Yeast Genetics and Molecular Biology 2002
University of Wisconsin
Madison, Wisconsin USA
July 30 - August 4, 2002


Name: Holmes, Scott G.
Mailing Address: Molecular Biology, Wesleyan University, Lawn Avenue, Middletown, CT 06762, USA
Email Address: sholmes@wesleyan.edu
Phone & FAX numbers: 860 685 3557 & 860 685 2141

Abstract #12


Session Title: Chromosome Dynamics
Session Time: Wednesday, July 31 -- 9:00AM - 10:30AM
Presentation: Platform
Topic: Gene Expression

Silencers, Sir proteins, and the cell cycle.
Scott G. Holmes, Mirela Matecic, Mary Lou Dula, Adrienne Woike
Molecular Biology, Wesleyan University, Lawn Avenue, Middletown, CT 06762, USA

Silencing at the HM loci and telomeres in yeast exhibits epigenetic inheritance, in which the repressed state is stably propagated through DNA replication and mitosis.
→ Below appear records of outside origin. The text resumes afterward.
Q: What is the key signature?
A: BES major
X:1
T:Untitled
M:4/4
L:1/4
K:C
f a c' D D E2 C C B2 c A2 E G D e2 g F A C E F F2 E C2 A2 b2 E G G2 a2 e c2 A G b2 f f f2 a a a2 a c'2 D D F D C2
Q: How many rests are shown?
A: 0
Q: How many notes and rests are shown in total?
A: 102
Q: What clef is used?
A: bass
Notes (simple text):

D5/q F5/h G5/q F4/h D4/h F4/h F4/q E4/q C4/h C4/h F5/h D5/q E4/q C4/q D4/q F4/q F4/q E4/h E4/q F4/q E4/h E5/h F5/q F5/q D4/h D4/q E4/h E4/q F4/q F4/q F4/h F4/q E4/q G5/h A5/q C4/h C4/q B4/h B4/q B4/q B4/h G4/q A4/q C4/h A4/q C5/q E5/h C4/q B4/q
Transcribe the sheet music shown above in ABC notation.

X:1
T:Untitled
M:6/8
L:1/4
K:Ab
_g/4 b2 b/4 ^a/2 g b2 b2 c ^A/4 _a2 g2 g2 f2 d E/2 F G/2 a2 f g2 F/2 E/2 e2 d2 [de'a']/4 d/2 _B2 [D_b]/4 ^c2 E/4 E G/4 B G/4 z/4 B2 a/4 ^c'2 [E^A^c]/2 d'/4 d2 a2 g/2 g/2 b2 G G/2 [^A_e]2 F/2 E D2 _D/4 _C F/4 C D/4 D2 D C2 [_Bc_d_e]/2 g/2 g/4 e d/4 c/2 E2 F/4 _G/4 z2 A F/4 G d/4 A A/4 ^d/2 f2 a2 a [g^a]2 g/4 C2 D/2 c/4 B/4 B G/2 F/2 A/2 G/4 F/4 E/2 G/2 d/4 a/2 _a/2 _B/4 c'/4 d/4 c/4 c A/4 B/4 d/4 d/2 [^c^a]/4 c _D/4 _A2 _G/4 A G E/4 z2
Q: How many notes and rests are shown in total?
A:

To examine this epigenetic mechanism we have conducted two types of experiments. First, we have created temperature sensitive (ts) alleles of the SIR2 gene and used them to determine the requirement for Sir2p at specific points in the cell cycle. These alleles establish two distinct silencing functions of Sir2p: when shifted to the non-permissive temperature, one class of ts alleles shows a loss of silencing at all phases of the cell cycle, while a second class defines a function that is dispensable at G1 phase, but is essential to maintain silencing through mitosis. We are currently correlating these in vivo defined phenotypes to biochemical defects caused by the mutations. In vivo deletion of the silencer sequences at HML in G1 phase does not cause a loss of silencing, but progression through a single cell cycle in the absence of silencers disrupts silencing. We are determining the cell cycle intervals that cause loss of silencing following in vivo deletion of the silencer sequences. Thus far our experiments suggest that silencers are not required to propagate the silenced state through S-phase, but are required in the G2/M to G1 interval. Our results point to a crucial event in the silencing mechanism that is coincident with mitosis.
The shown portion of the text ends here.